*Assignment*. If a line holds an image, leave the image out; write out everything else in the records exactly.

*Data for review*.
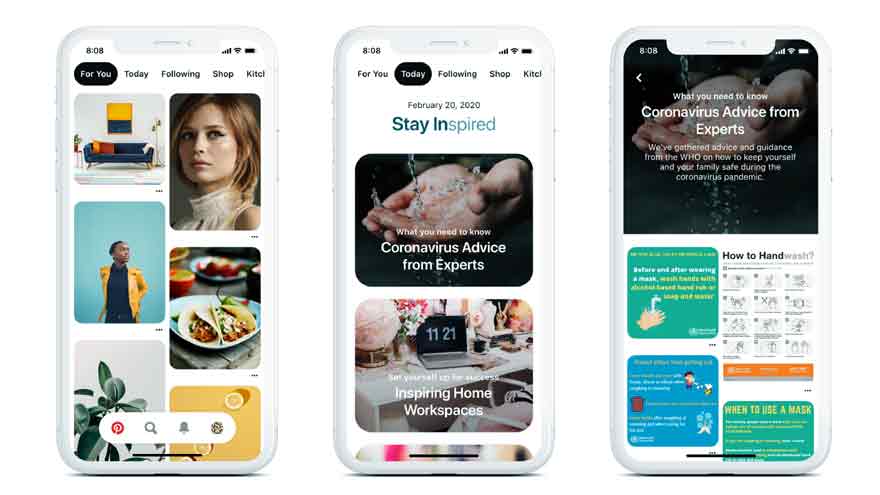Pinterest reformó sus tableros por la pandemia.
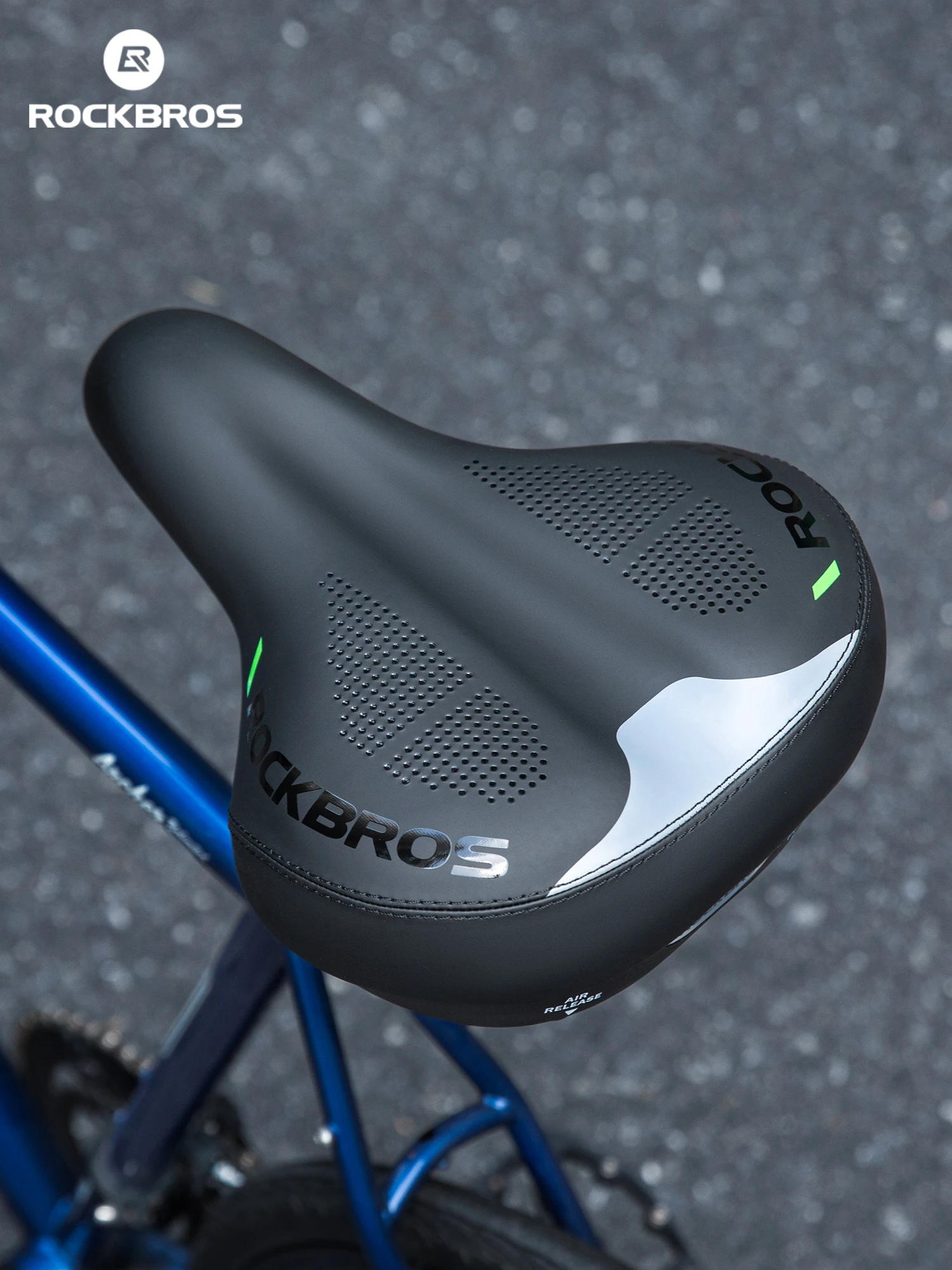 AliExpress ROCKBROS Bicycle Airbag Seat Cushion Double Shock Absorption Hardness-adjustable Seat Saddle Non-slip Surface Comfortable Saddle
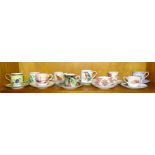 A collection of eight modern Royal Worcester 'Connoisseur Collection' cabinet cups and saucers,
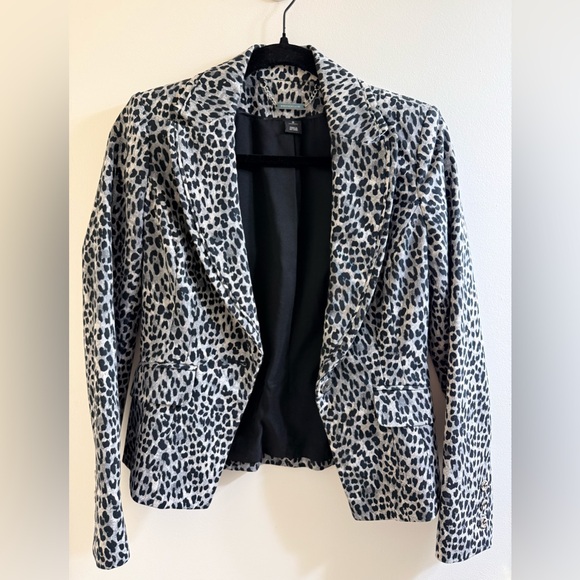 White House Black Market Black and Gray Leopard Blazer - Picture 3 of 8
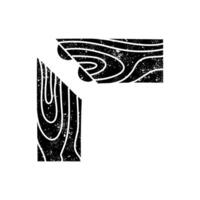 Corner wood joint using biscuit black hand drawn icon in grunge look vector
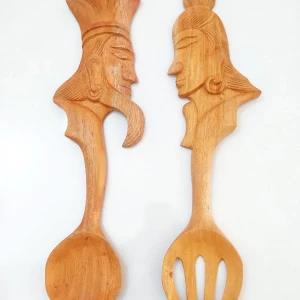 Wood Carving King & Queen Wall Art Spoon Fork Handmade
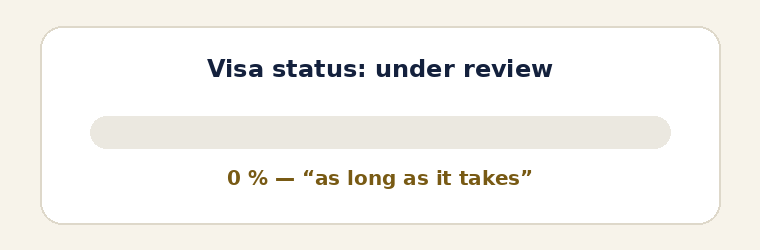 A visa status bar frozen partway, never reaching the end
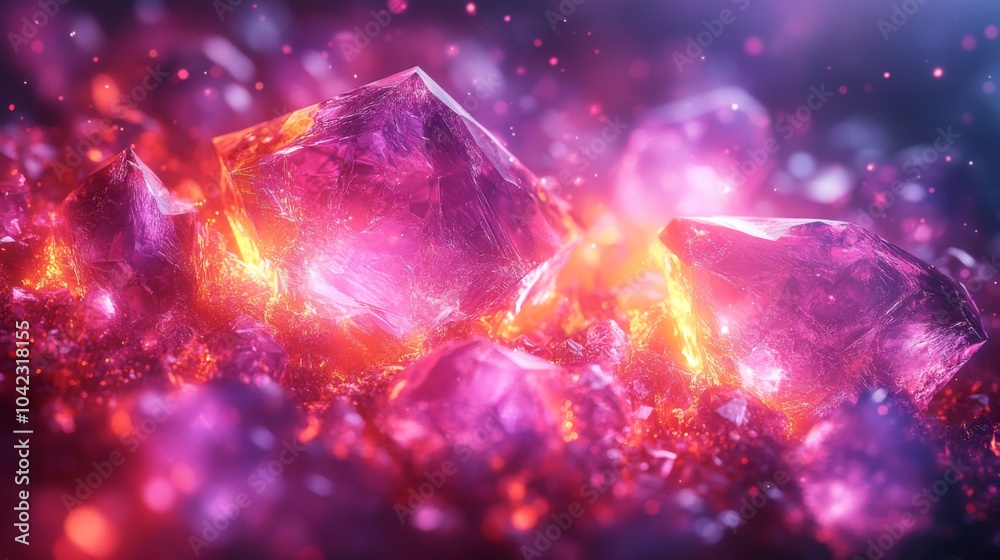 Poster a collection of radiant pink and purple crystals illuminated by a soft glow, surrounded by glistenin
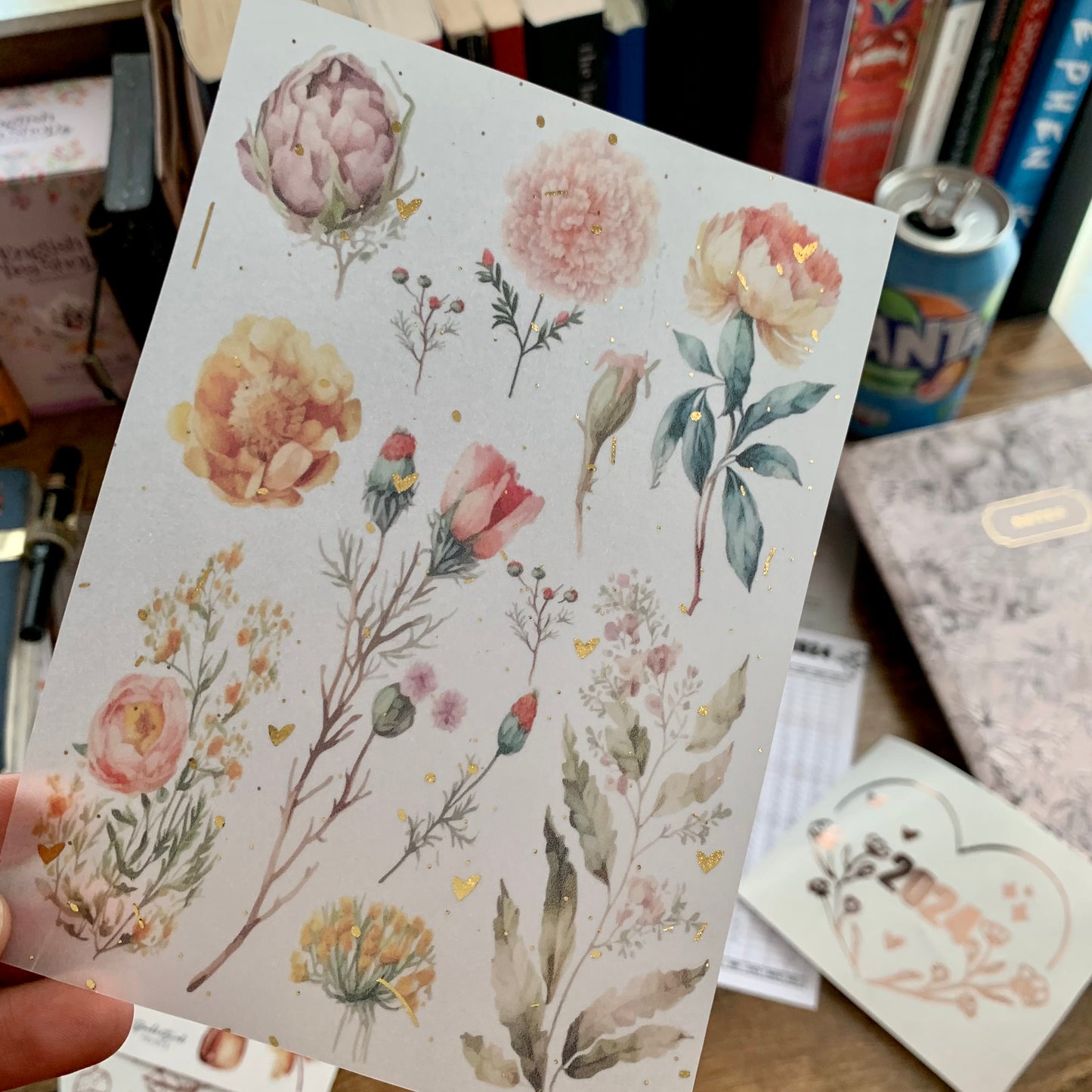 Gold Foiled Hand drawn Watercolor Flowers - Vellum Planner Dashboard - Scrapbooking Paper - Poison Ivy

*The completed task*.
Pinterest reformó sus tableros por la pandemia.
 AliExpress ROCKBROS Bicycle Airbag Seat Cushion Double Shock Absorption Hardness-adjustable Seat Saddle Non-slip Surface Comfortable Saddle
 A collection of eight modern Royal Worcester 'Connoisseur Collection' cabinet cups and saucers,
 White House Black Market Black and Gray Leopard Blazer - Picture 3 of 8
 Corner wood joint using biscuit black hand drawn icon in grunge look vector
 Wood Carving King & Queen Wall Art Spoon Fork Handmade
 A visa status bar frozen partway, never reaching the end
 Poster a collection of radiant pink and purple crystals illuminated by a soft glow, surrounded by glistenin
 Gold Foiled Hand drawn Watercolor Flowers - Vellum Planner Dashboard - Scrapbooking Paper - Poison Ivy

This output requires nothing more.